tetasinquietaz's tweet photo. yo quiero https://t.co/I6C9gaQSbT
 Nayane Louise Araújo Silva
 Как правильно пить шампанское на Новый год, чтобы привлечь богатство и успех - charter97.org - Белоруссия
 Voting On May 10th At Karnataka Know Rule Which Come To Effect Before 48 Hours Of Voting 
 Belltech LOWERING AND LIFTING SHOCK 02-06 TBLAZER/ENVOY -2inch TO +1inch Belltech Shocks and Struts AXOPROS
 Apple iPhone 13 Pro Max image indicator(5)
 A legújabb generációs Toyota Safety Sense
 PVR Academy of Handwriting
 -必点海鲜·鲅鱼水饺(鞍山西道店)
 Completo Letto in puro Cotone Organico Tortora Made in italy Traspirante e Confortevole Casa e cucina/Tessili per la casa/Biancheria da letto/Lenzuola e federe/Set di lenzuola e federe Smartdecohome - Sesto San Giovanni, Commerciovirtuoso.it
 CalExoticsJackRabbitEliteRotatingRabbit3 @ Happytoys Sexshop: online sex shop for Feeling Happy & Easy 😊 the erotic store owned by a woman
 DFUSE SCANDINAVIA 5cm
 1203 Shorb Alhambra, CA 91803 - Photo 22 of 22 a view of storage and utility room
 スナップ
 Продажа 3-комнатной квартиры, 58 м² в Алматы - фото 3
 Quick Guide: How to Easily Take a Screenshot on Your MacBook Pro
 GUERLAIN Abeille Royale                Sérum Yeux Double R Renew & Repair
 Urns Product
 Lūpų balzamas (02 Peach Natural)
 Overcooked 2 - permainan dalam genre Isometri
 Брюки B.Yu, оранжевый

What the task asks :: Exactly as shown above, copy out the material.

Result of this exercise ::
tetasinquietaz's tweet photo. yo quiero https://t.co/I6C9gaQSbT
 Nayane Louise Araújo Silva
 Как правильно пить шампанское на Новый год, чтобы привлечь богатство и успех - charter97.org - Белоруссия
 Voting On May 10th At Karnataka Know Rule Which Come To Effect Before 48 Hours Of Voting 
 Belltech LOWERING AND LIFTING SHOCK 02-06 TBLAZER/ENVOY -2inch TO +1inch Belltech Shocks and Struts AXOPROS
 Apple iPhone 13 Pro Max image indicator(5)
 A legújabb generációs Toyota Safety Sense
 PVR Academy of Handwriting
 -必点海鲜·鲅鱼水饺(鞍山西道店)
 Completo Letto in puro Cotone Organico Tortora Made in italy Traspirante e Confortevole Casa e cucina/Tessili per la casa/Biancheria da letto/Lenzuola e federe/Set di lenzuola e federe Smartdecohome - Sesto San Giovanni, Commerciovirtuoso.it
 CalExoticsJackRabbitEliteRotatingRabbit3 @ Happytoys Sexshop: online sex shop for Feeling Happy & Easy 😊 the erotic store owned by a woman
 DFUSE SCANDINAVIA 5cm
 1203 Shorb Alhambra, CA 91803 - Photo 22 of 22 a view of storage and utility room
 スナップ
 Продажа 3-комнатной квартиры, 58 м² в Алматы - фото 3
 Quick Guide: How to Easily Take a Screenshot on Your MacBook Pro
 GUERLAIN Abeille Royale                Sérum Yeux Double R Renew & Repair
 Urns Product
 Lūpų balzamas (02 Peach Natural)
 Overcooked 2 - permainan dalam genre Isometri
 Брюки B.Yu, оранжевый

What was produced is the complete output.